▸ **WHAT IS EXPECTED**:
Repeat the records in full and exactly, omitting pictures.

※ ※ ※

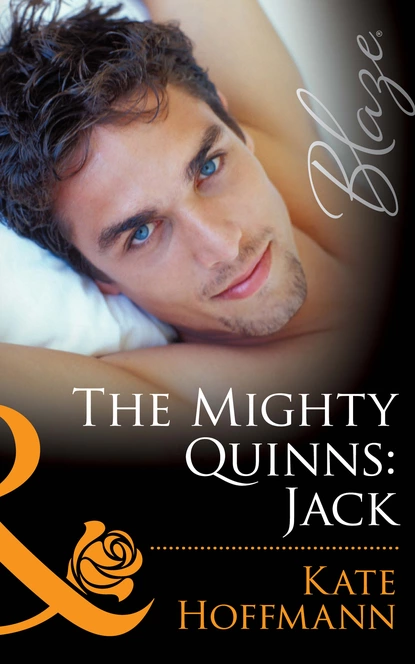 Обложка книги The Mighty Quinns: Jack, Kate Hoffmann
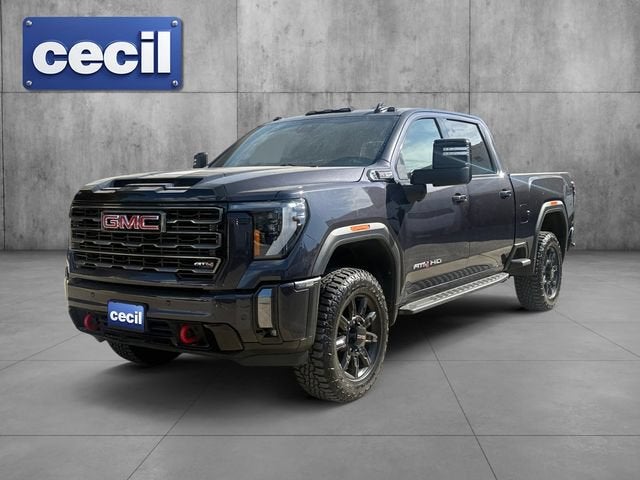 2024 GMC Sierra 2500 HD AT4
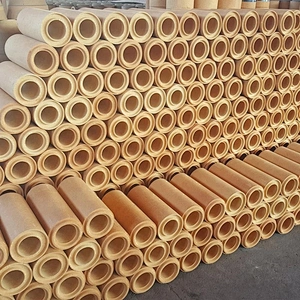 Factory Price High Alumina Refractory Runner Fire Brick for Casting Steel
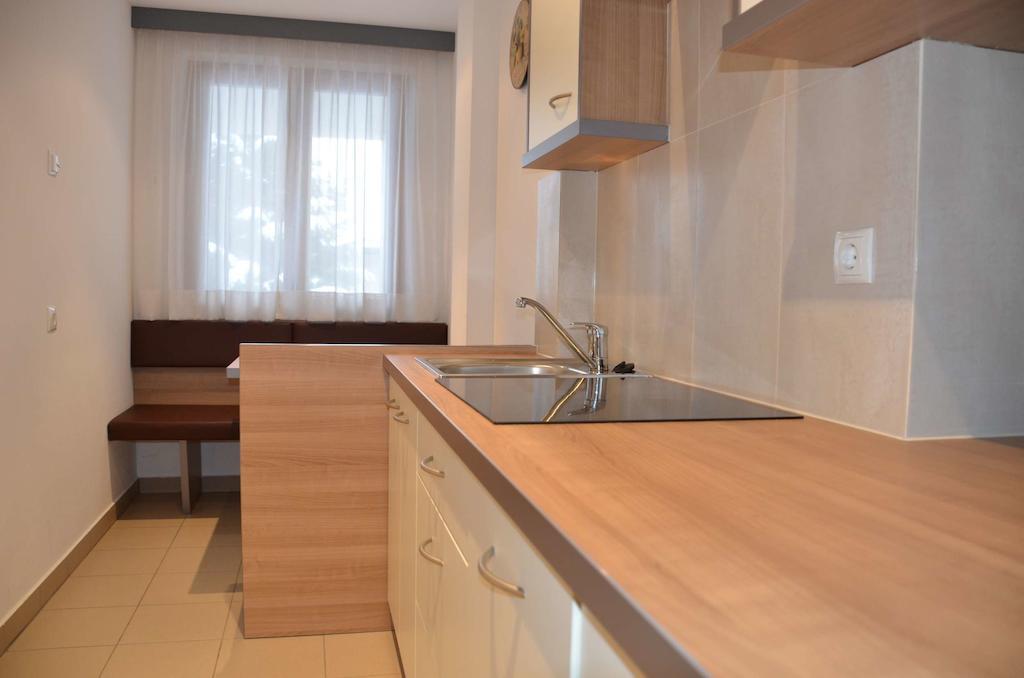 Apartament Haus Kargruber Santa Maddalena Pokój zdjęcie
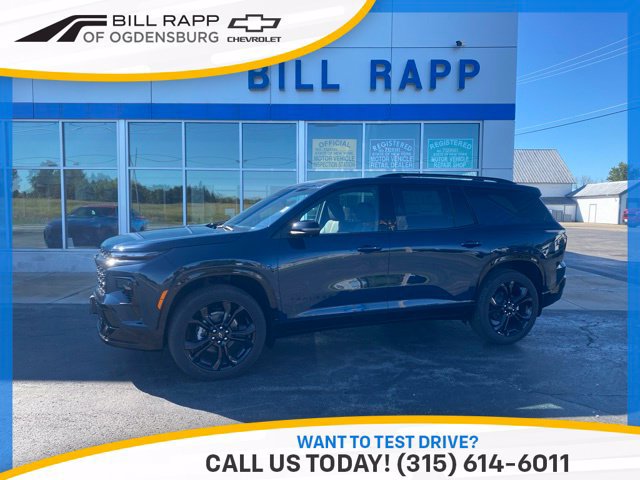 2027 Chevrolet Traverse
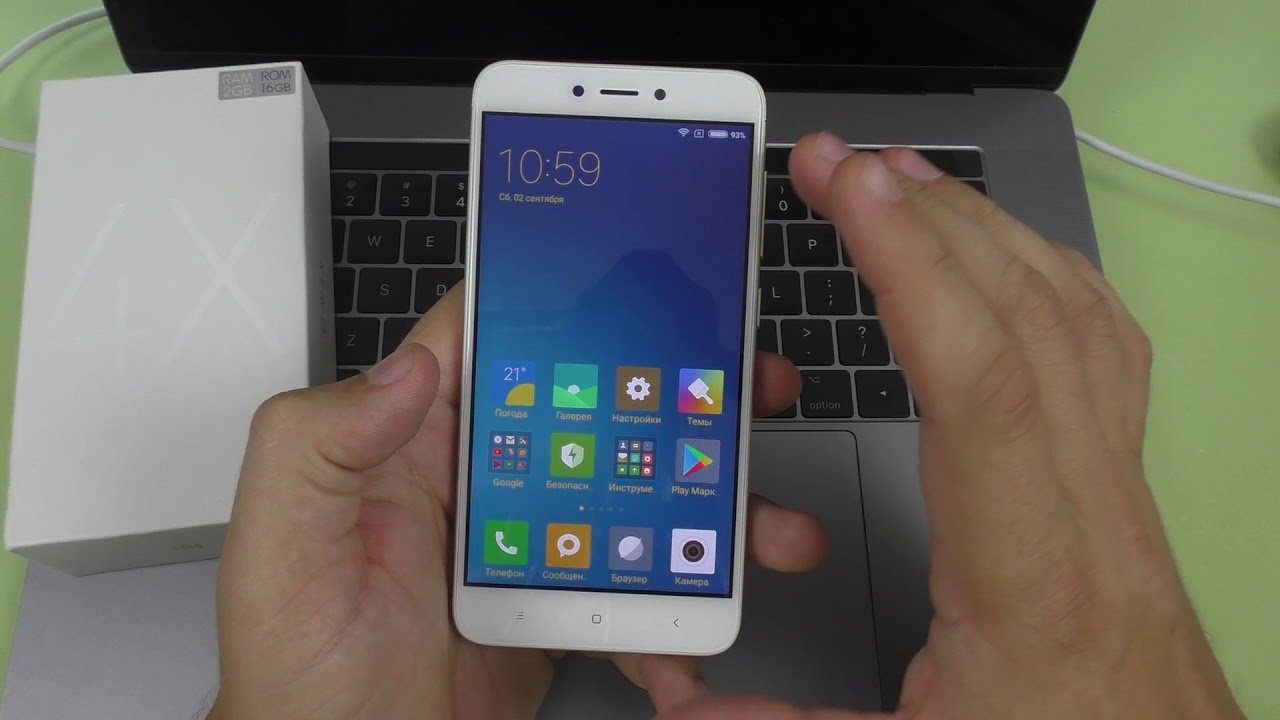ТЕСТ Xiaomi Redmi 4x ► какой купить 2Gb 16Gb, 3Gb 32Gb или 4Gb 64Gb?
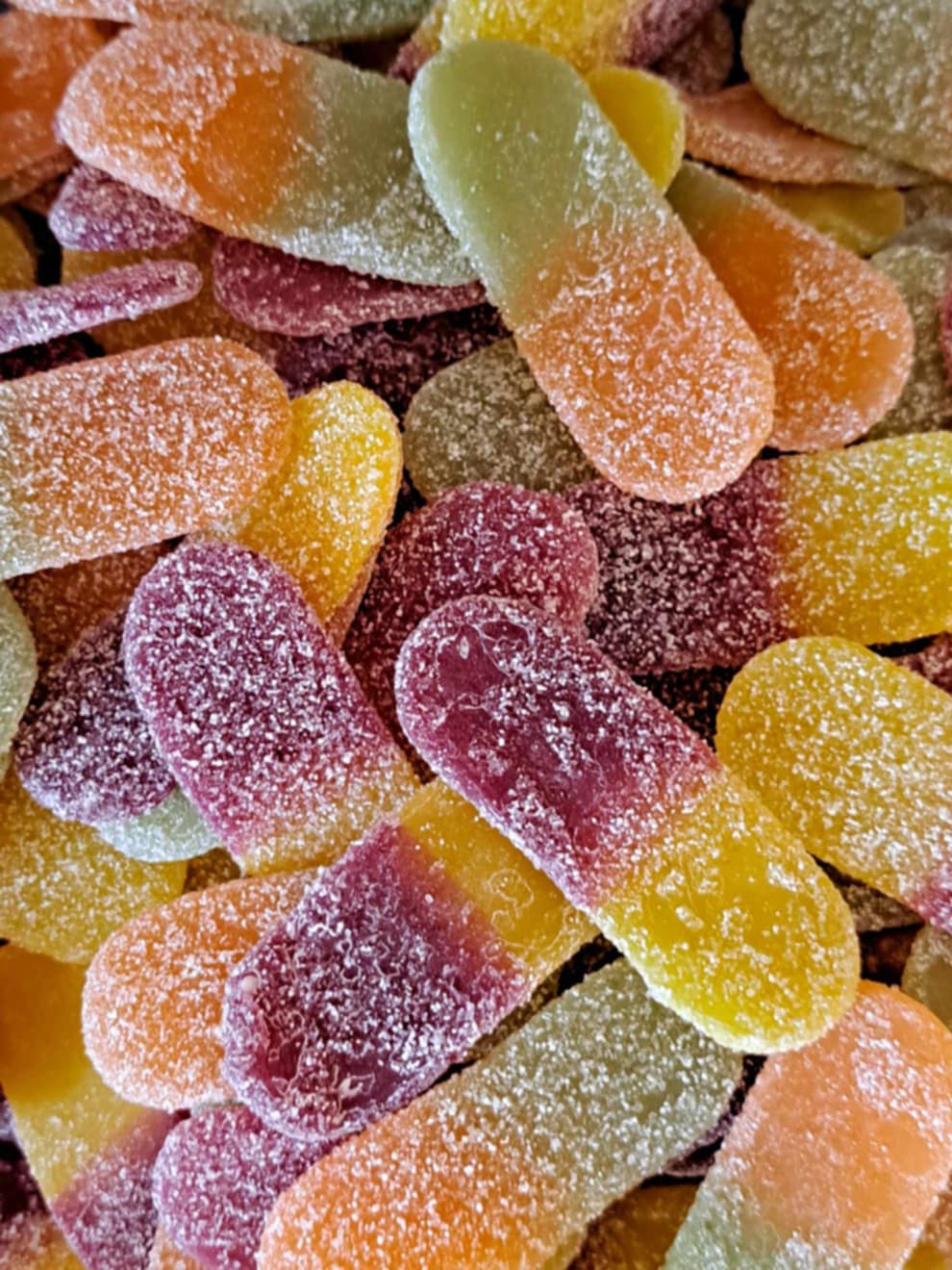 Minis langues (50gr)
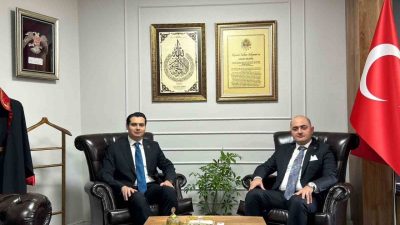 Aydın’ın Germencik ilçesinde Cumhuriyet Başsavcılığı görevine, ilçede Cumhuriyet savcısı olarak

※ ※ ※

▸ **THE ANSWER**:
 Обложка книги The Mighty Quinns: Jack, Kate Hoffmann
 2024 GMC Sierra 2500 HD AT4
 Factory Price High Alumina Refractory Runner Fire Brick for Casting Steel
 Apartament Haus Kargruber Santa Maddalena Pokój zdjęcie
 2027 Chevrolet Traverse
ТЕСТ Xiaomi Redmi 4x ► какой купить 2Gb 16Gb, 3Gb 32Gb или 4Gb 64Gb?
 Minis langues (50gr)
 Aydın’ın Germencik ilçesinde Cumhuriyet Başsavcılığı görevine, ilçede Cumhuriyet savcısı olarak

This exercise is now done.